A woman takes a picture of the memorial outside the former Kamloops Indian Residential School June 6, 2021. CNS photo/Jennifer Gauthier, Reuters

Oblates to open more residential school records

  • March 22, 2022

As three separate Indigenous delegations head to Rome for meetings with Pope Francis on March 28, March 31 and April 1, Canada’s Oblate Fathers have announced a deal with the National Centre for Truth and Reconciliation to make more residential school records available, including material that may be archived in Rome and Paris.

“These types of records are a critical component of the process that communities are currently undertaking to search former residential school sites, and may help to better understand the historical context of unmarked graves,” the Missionary Oblates of Mary Immaculate said in a March 22 release.

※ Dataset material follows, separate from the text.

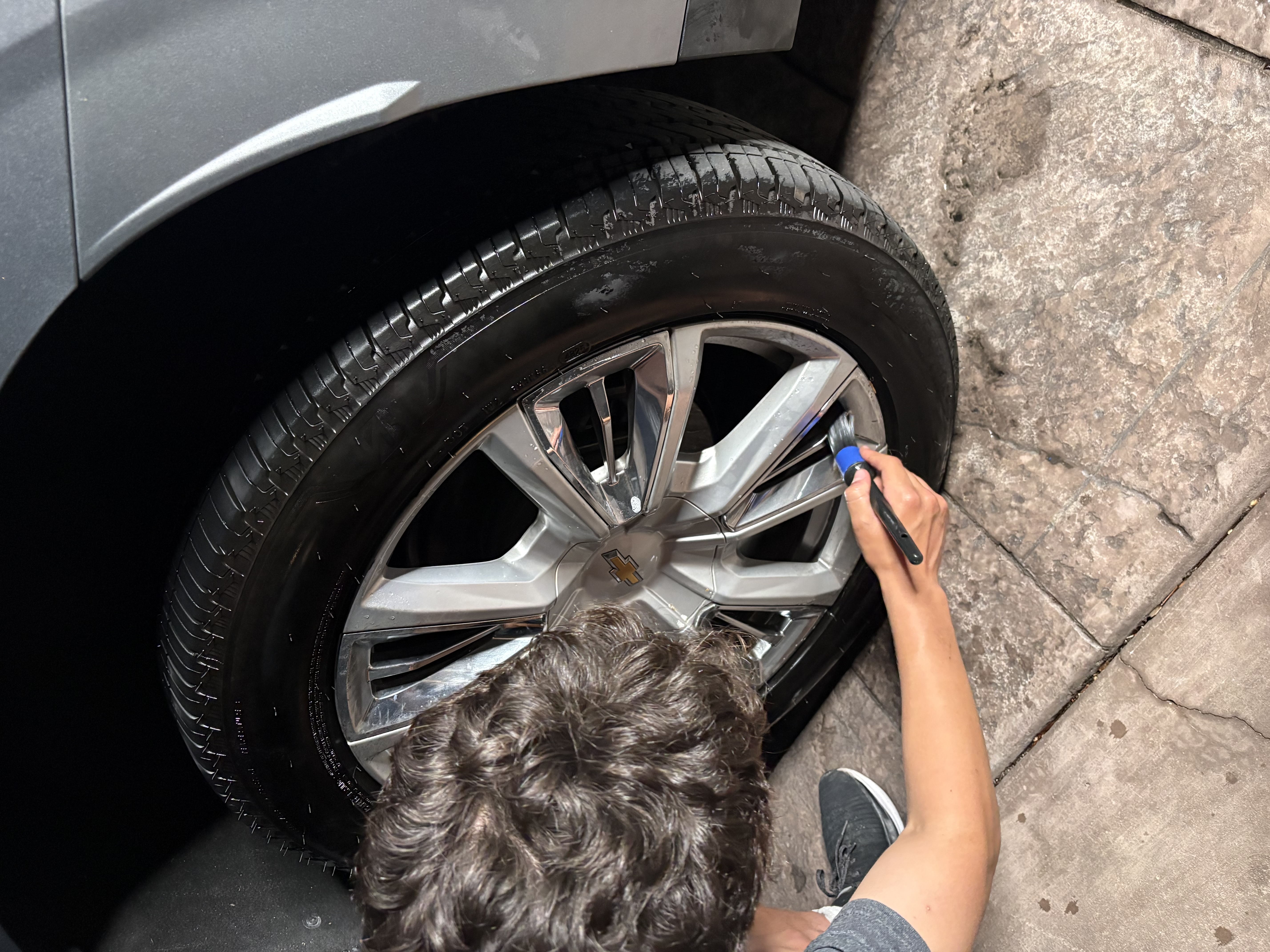Professional detailer hand washing and polishing the exterior of a luxury vehicle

The Oblates have already provided more than 40,000 records to the NCTR, a national repository for primary source material and historical research into the residential schools set up in the wake of the work of the Truth and Reconciliation Commission.

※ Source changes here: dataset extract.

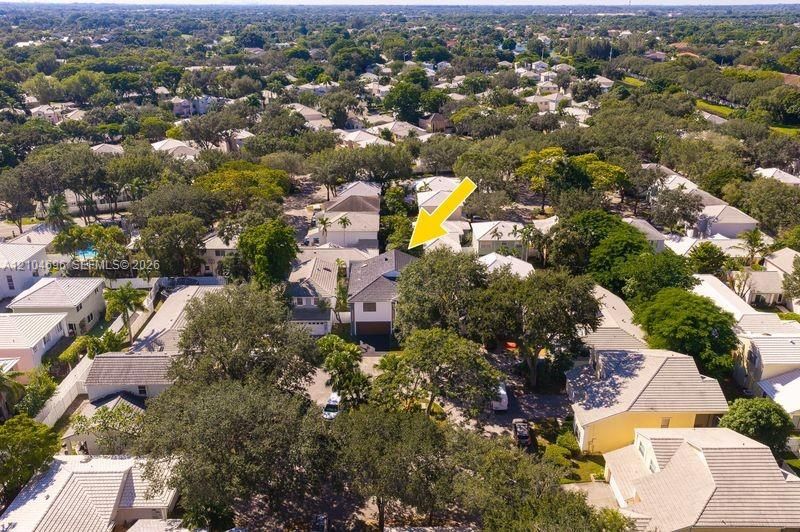 Aerial perspective featuring a two-story residence with a multi-hipped roof, paved driveway, attached garage, and mature tree canopy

The issue of access to records has haunted reconciliation work for years. Many of the delegates who will be in Rome have vowed to bring up the issue with Pope Francis.

“We've got to go back to the source of how we've been treated in Canada by all the institutions,” Dene Chief Norman Yakeleya told reporters in an online press conference Nov. 25. Yakeleya will lead the Assembly of First Nations delegation in Rome.

The Oblates have hired additional archivists to speed up the process of digitizing hand written records in French, Latin and English known as the Codex Historicus. The religious order is also arranging an initial visit to the Oblates’ Rome archives by NCTR head archivist Raymond Frogner this spring.

The Oblates ran 48 different residential schools, the majority of the 60 to 70 per cent of residential schools that were under Catholic control. The Oblate schools included the Marieval Indian Residential School in Cowessess First Nation and the Kamloops Indian Residential School in the Tk’emlúps te Secwépemc First Nation, among others where unmarked graves have been identified by ground-penetrating radar.